Autore di numerosi volumi dedicati al mondo dello sport in particolare del ciclismo, tra i quali citiamo: Angeli di Coppi edito nel 1999, Diavoli di Bartali edito nel 2016, Corsa più pazza del mondo, dove si narrano le avventure esilaranti del ciclismo africano edito nel 2010. Sino ad arrivare al rugby, con una serie di interessanti volumi, tra i quali citiamo: Il terzo tempo edito nel 1997, Il popolo del rugby edito nel 2004.
Con grande piacere vi presentiamo il suo ultimo libro: L’uragano nero edito dalla 66thand2nd
Un ringraziamento speciale a Fausto Bailo che l’ha intervistato per noi e alla Premiata Libreria Marconi di Bra (Cn) che, come sempre, ha collaborato fattivamente.
Quando è nata in lei la passione per la scrittura?
“Da bambino sognavo di diventare un giornalista de “La Gazzetta dello Sport”. Oppure un benzinaio. A destinarmi verso la scrittura, anziché verso gli idrocarburi, è stato l’esempio di mia madre, fervente lettrice, e della professoressa Villetti, che in prima e in seconda media ci costringeva alle “Cronache”, a metà fra diari e articoli. Poi una serie di favorevoli circostanze e di tenaci sentimenti. Finché, dopo la laurea in Giurisprudenza, ringraziai mio padre per avermi sponsorizzato negli anni degli studi e continuai a fare gavetta nel giornalismo”.
Quando ha sentito parlare per la prima volta di Jonah Lomu?
“Nel 1995: terza edizione della Coppa del mondo di rugby. La folgorazione guardando la semifinale Inghilterra-Nuova Zelanda, con quella azione della prima meta (delle quattro), cui ho dedicato il primo capitolo del libro. Un’azione che ha spaccato il mondo del rugby, fra il prima di Lomu e il dopo Lomu, fra il dilettantismo e il professionismo, anche fra il rugby tecnico delle finte, dei trucchi, degli incroci e il rugby delle sportellate”.

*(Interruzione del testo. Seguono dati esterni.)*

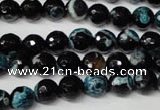 CAG2282 15.5 inches 8mm faceted round fire crackle agate beads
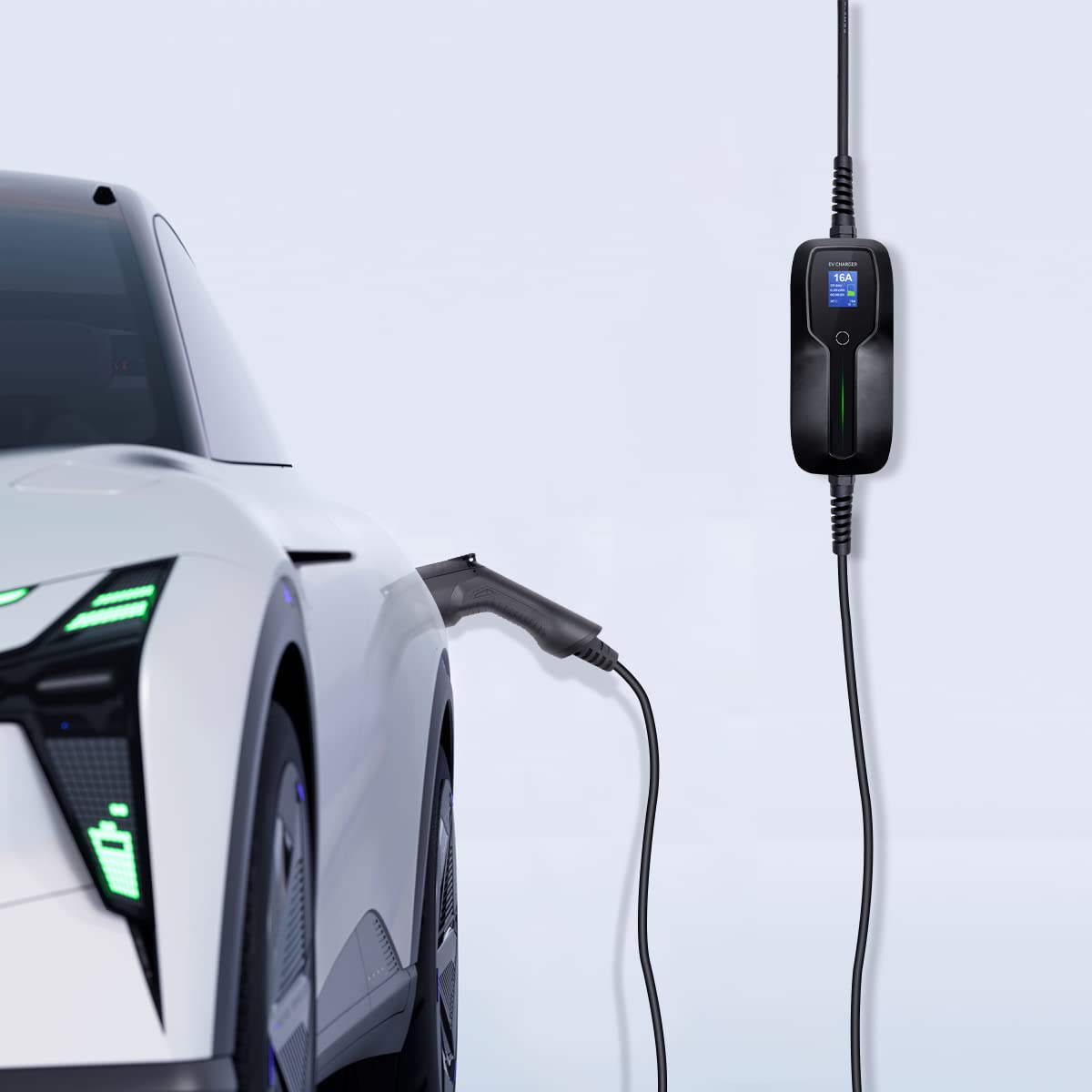 Morec Type 1 Chargeur ev 2,2/3,6kw Chargeur Voiture Electrique Cable de Recharge commutable 10 / 16A EV avec écran Schuko 2 Broches SAE J1772 EVSE 6m / 20ft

Quale è stata la scintilla che l’ha portata a scrivere: L’uragano nero. Jonah Lomu, vita morte e mete di un All Black?
“La morte di Lomu: una morte annunciata, eppure imprevista, sorprendente, accecante. E poi: la sua vita da film, fatta di inferni e paradisi, gli All Blacks, soprattutto il rugby, che è un mondo a parte, e che può contemplare Lomu perché ci sono tutti quelli che Lomu se lo sognano. Dai minirugbisti agli old, dai carcerati ai disagiati mentali, e che accanto alle imprese di Lomu coltiva infinite e meravigliose leggende, storie, racconti ovali”.
Cosa l’ha colpita di più della epica vita di questo uomo?
“La semplicità e l’ingenuità, oltre alla forza e alla potenza. La sensibilità verso i più piccoli, ma anche verso i feriti, gli offesi, i malati. E la fermezza nel tentare di ritornare l’atleta straordinario – mai si era visto uno così grande, grosso e veloce – che ha cambiato il gioco di uno sport”.
Quale partita potrebbe riassumere meglio, la breve ma intensa vita di questo giovane Èracle, scomparso troppo presto?
“Quell’Inghilterra-Nuova Zelanda. Però, forse, più che una partita, adesso mi concentrerei su un pre-partita: quando ogni giocatore è solo con se stesso, nudo mentre guarda la maglia e poi se la infila, indossando non solo un simbolo ma anche il peso di una squadra, di una comunità, di un Paese. Pensieri, ricordi, emozioni. Responsabilità, pressione, paura”.
Quale sportivo secondo lei può essere paragonato a Jonah Lomu?
“In “L’Uragano nero” si paragona Lomu a Fausto Coppi: tutti e due strappati da questo mondo a quarant’anni, ma tutti e due regalati alla storia eternamente giovani”.